Não se preocupem depois começam na escola, pensava eu – e agora é aí que vem a maioria das minhas preocupações. Primeiro, que financeiramente continuamos a pagar, ninguém que trabalhe a tempo inteiro conseguirá ter a flexibilidade de ir pôr as crianças na escola às 8h30 e ir buscar às 15h30. Pior que o horário só mesmo a qualidade da educação que para um país de ‘primeiro mundo’ deixa muito a desejar. Com a política de passar todos os alunos de ano, independentemente do seu desempenho escolar – suponho que para se livrarem deles mais cedo – são formados alunos que sabem muito pouco e que não criaram bases para enfrentar um mercado laboral competitivo. Mas há opções privadas, se as famílias conseguirem suportar o gasto mensal de 4,000 dólares por filho. Ou seja, mais de 400,000 dólares até completarem o ensino secundário e depois ainda se seguem os estudos universitários. Para agravar o nível de preocupação com o ensino, basta ler as notícias e ficar a par do nível de violência que alunos e professores vivem em ambiente escola.
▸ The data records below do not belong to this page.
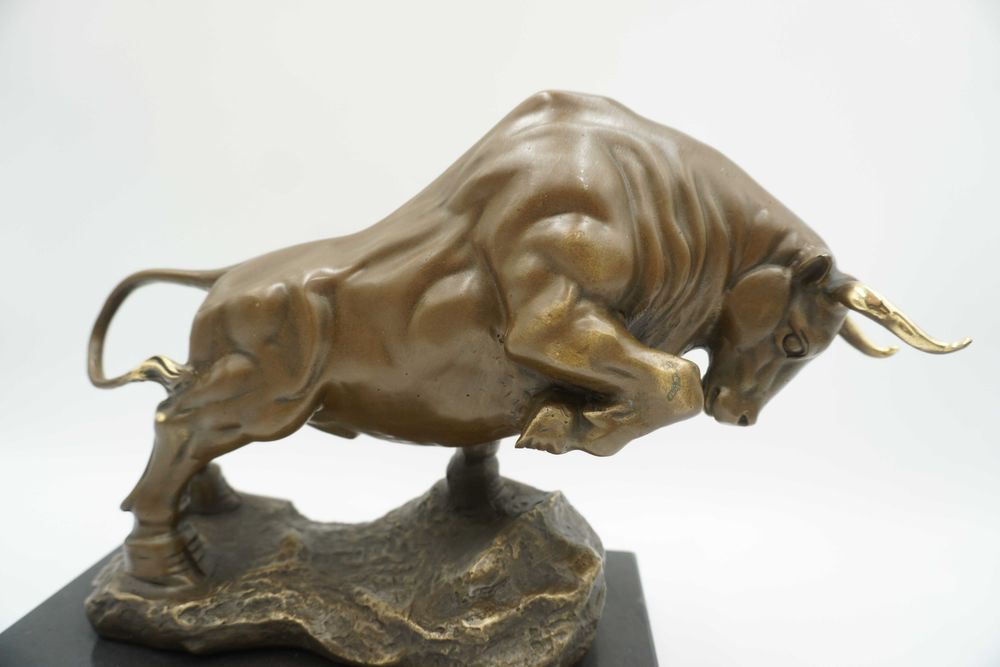 FIGURA z brązu byk siła giełda hossa złote rogi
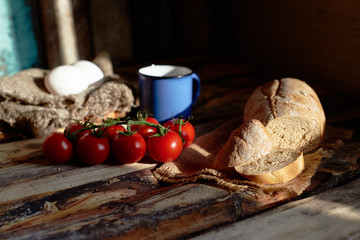 Fototapeta na wymiar country breakfast with bread, tomato and egg
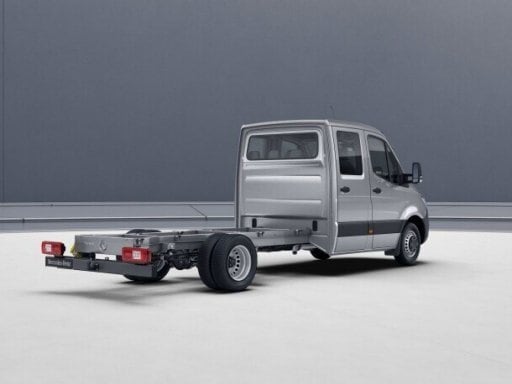 sprinter chassi lång med dubbelhytt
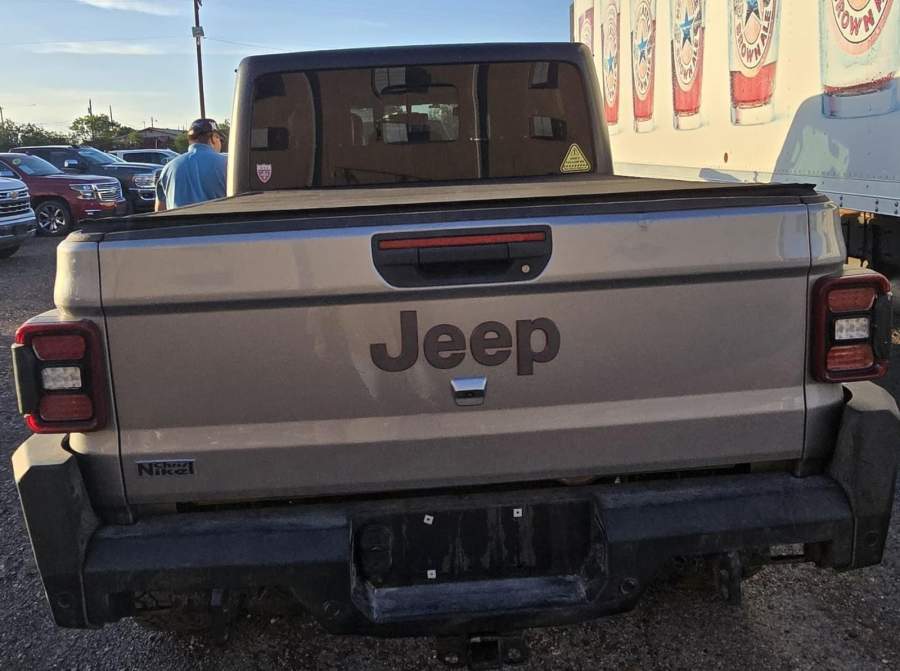 2020 Jeep Gladiator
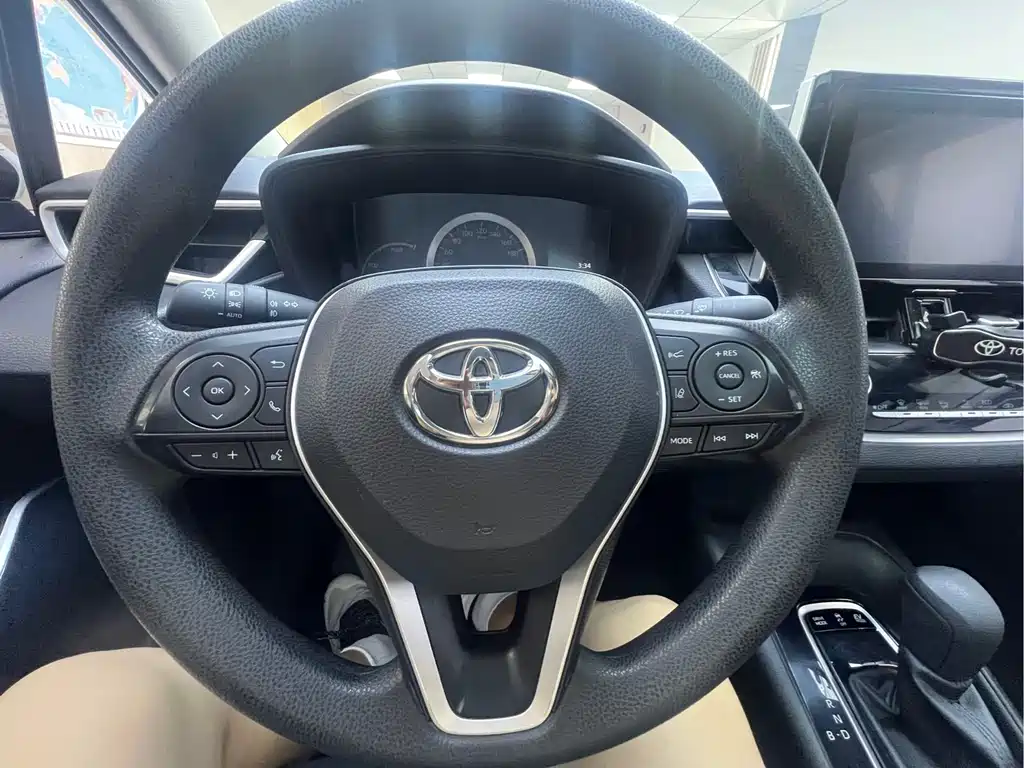 Toyota Corolla 2022 — фото 10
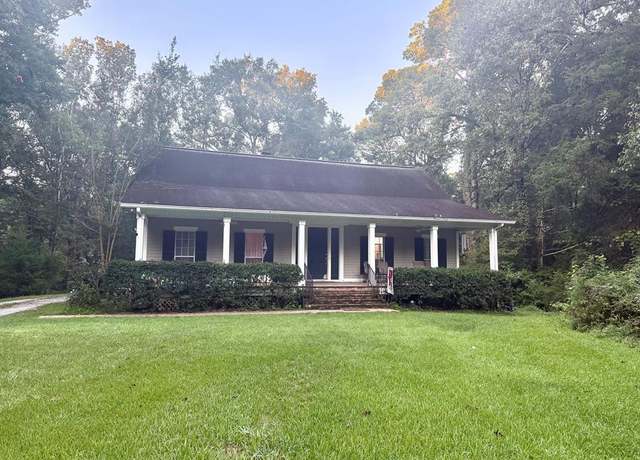 Property at 825 Mallet, Vicksburg, TN 38180, 4 beds, 2.5 baths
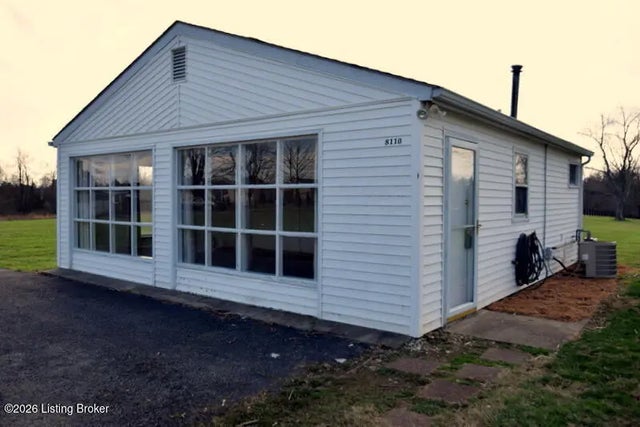8110 Cooper Chapel Rd, Louisville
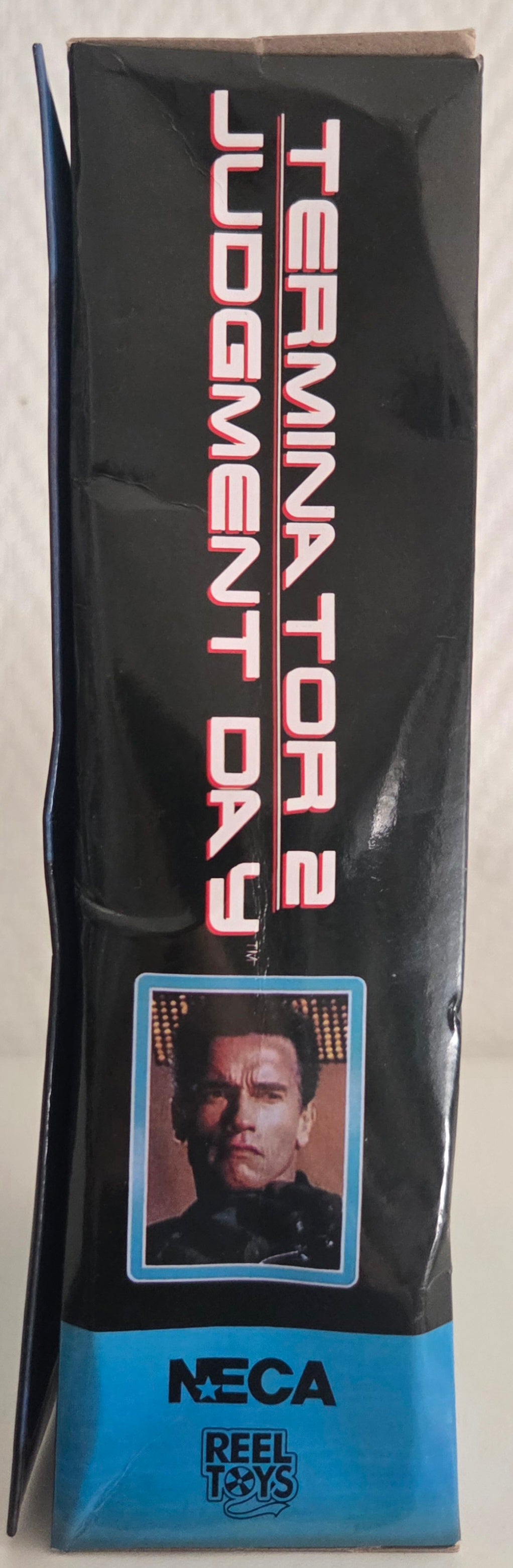 Tranche de la boîte figurine T-800 NECA Reel Toys – Terminator 2 Judgment Day, logo NECA visible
Forma-se o futuro da sociedade como se estivéssemos na selva, onde a única lei é a do mais forte.

Para além dos custos elevados de infantário e educação, seguem-se ainda as atividades extracurriculares que também não são baratas. Uma parte positiva de Toronto, é que a cidade aposta em programas gratuitos para crianças, mas tal como acontece com os infantários, as vagas enchem rapidamente, tornando-se mais a exceção do que a regra aqueles que conseguem desfrutar destas iniciativas gratuitas, ainda mais porque os horários são pouco realistas para quem trabalha. Depois contem também com as saídas em família. O Governo canadiano contribui ainda mensalmente com um abono por cada criança e que leva em conta os rendimentos do agregado familiar, mas desengane-se quem acha que isso é negócio – e se alguém pensa que se deve capitalizar filhos, então façam-nos/lhes um favor e não os tenham. Não sou da opinião que o governo deve financiar tudo para as crianças, até porque quem toma a decisão de os ter são os pais, então os pais é que são os responsáveis e não devem levar esta como uma decisão leviana de quem compra um carro. Contudo, viver em Toronto não é fácil para ninguém, mas está a tornar-se pior para as famílias – isso é um facto.

Cada mãe tem em si três tipos de mães: a que diziam que iam ser na altura em que estavam grávidas e que rapidamente percebem não ser realista; a mãe que gostariam de ser e, por fim, a mãe que conseguem ser, seja por limitações próprias ou do ambiente que a rodeia. Acho que ser mãe nunca foi fácil, mas parece ser cada vez mais difícil (para quem não tem ajuda). Ter filhos exige muito, não é para quem gosta de se colocar em primeiro, é preciso levar o altruísmo a outro nível. E tendo filhos, é preciso pensar em como se quer criá-los, com que valores e em que sociedade. Neste momento, para o que eu pretendia, Toronto não é o sítio certo, pelos pontos que mencionei e pelo espírito consumista que se incute nas crianças desde cedo, a falta de contacto com a natureza, o desequilíbrio entre vida pessoal e trabalho, a falta que faz ter uma família grande por perto. Se Toronto continuar a caminhar por esta estrada, nos próximos cinco anos, além de olhar a parte financeira, terei de ponderar se este é o tipo de ambiente que quero que a minha filha absorva – e neste momento, a resposta é não.